Image by Gerd Altmann from Pixabay

When someone reads your writing, the most complex object in the universe is performing one of its most challenging tasks. If everything works, it’s effortless, creating very little cognitive load. Your readers don’t consciously move their eyes, decipher letters, or sound out words. Instead they inhabit a world you created — hearing voices, seeing visions, feeling sorrow and joy and awe.

But if the reading is difficult, their consciousness gets dragged back to the work of decoding the message. The pure flow from page to mind is broken. They’re no longer learning, or solving a problem, or hearing a story. They’re deciding that the subject is boring, or difficult, or that one of you is an idiot. They start skimming, or they close the book.

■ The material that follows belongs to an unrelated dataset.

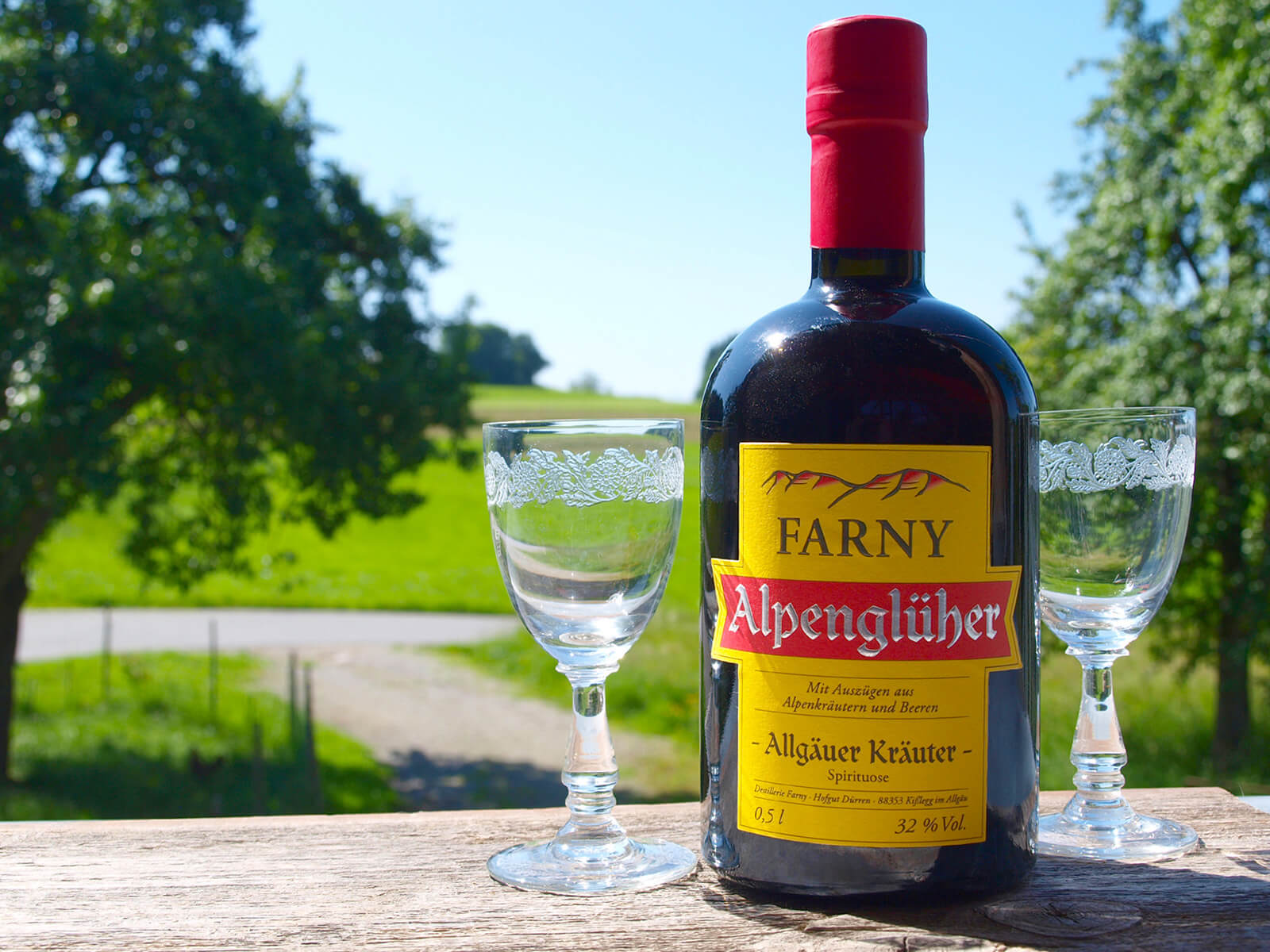 Alpenglueher Mit Glaeser Comp1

Knowing how that flow works — how the brain turns letters on a page into meaning, experience, and memory — can transform our writing. It gives powerful insight into most of the readability tips you’ve ever heard, things like use short sentences, use headings, chunk your lists, or tell stories.

In this article I’ll discuss:

• How you are turning these letters into a meaningful input stream in your head without thinking about each letter or word
• How you turn that stream into understanding and a lasting memory

Based on this cognitive science, I provide nine suggestions for increasing readability in the article A Deeper Readability.

How We Read

The reading brain turns letters into words, sentences, meaning, and ultimately a mental structure that cognitive scientists call a schema. We usually don’t remember the actual sentences, just the gist and some bits and pieces — the schema.

It’s not a single, linear procedure. In computing we’d call it massively parallel, with many independent processes solving parts of the problem and converging on a result.

For instance, the brain has two methods for converting letters into words, and it tries both approaches at the same time.¹ It can:

1. convert letters to sounds and mentally pronounce the word
2. visually recognize the word based on long practice

To put it in computing terms, one is like an algorithm for decoding a word, and the other is like a neural network that recognizes the word from repeated training. Or in education terms, one method is phonics and the other is the whole-word approach.² The visual approach is fast, and succeeds instantly for familiar words like the. But the slower, phonetic approach saves us on longer or less-familiar words like sesquipedalian.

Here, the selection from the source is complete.